EXERCISE AIM
For this exercise, write out the whole listing below exactly, omitting its images.

DATA SEGMENT
====

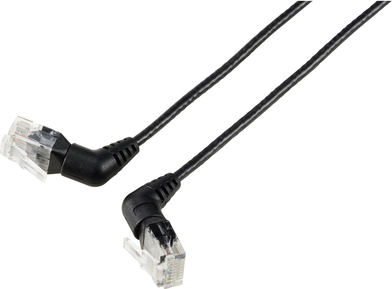 Renkforce RF-6071540 RJ45 Netzwerkkabel, Patchkabel CAT 6 U/UTP 0.50 m Schwarz Steckkontakte 360° drehbar, Gewinkelter Kabelabgang 1 St. (RF-6071540)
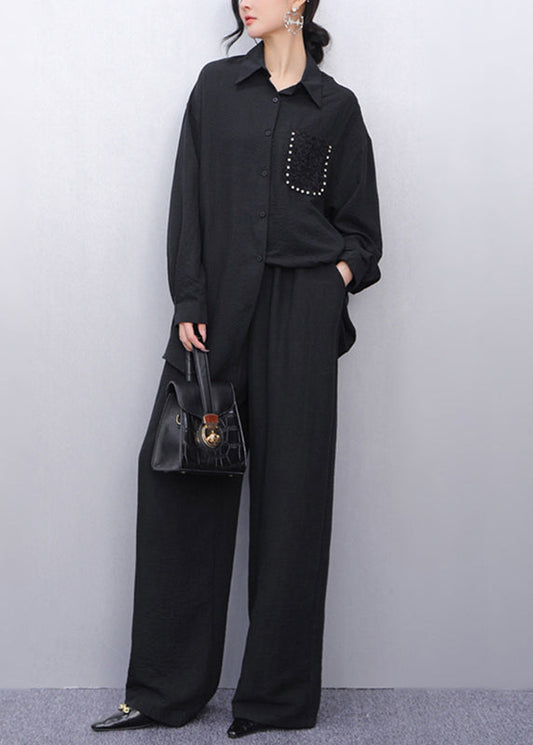 Classy White Peter Pan Collar Nail Bead Shirt And Wide Leg Pants Two Piece Set Fall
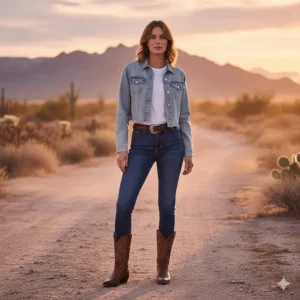 Model wearing a cropped western jacket paired with high-waisted jeans and boots.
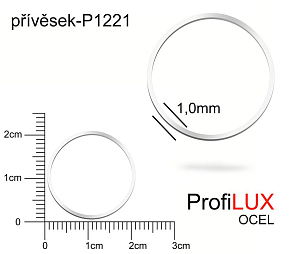 Přívěsek Ocel ozn-P1221 KRUH velikost pr.20mm. Síla 1,0mm. Řada přívěsků ProfiLUX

====

ANSWER FOR THE TASK
 Renkforce RF-6071540 RJ45 Netzwerkkabel, Patchkabel CAT 6 U/UTP 0.50 m Schwarz Steckkontakte 360° drehbar, Gewinkelter Kabelabgang 1 St. (RF-6071540)
 Classy White Peter Pan Collar Nail Bead Shirt And Wide Leg Pants Two Piece Set Fall
 Model wearing a cropped western jacket paired with high-waisted jeans and boots.
 Přívěsek Ocel ozn-P1221 KRUH velikost pr.20mm. Síla 1,0mm. Řada přívěsků ProfiLUX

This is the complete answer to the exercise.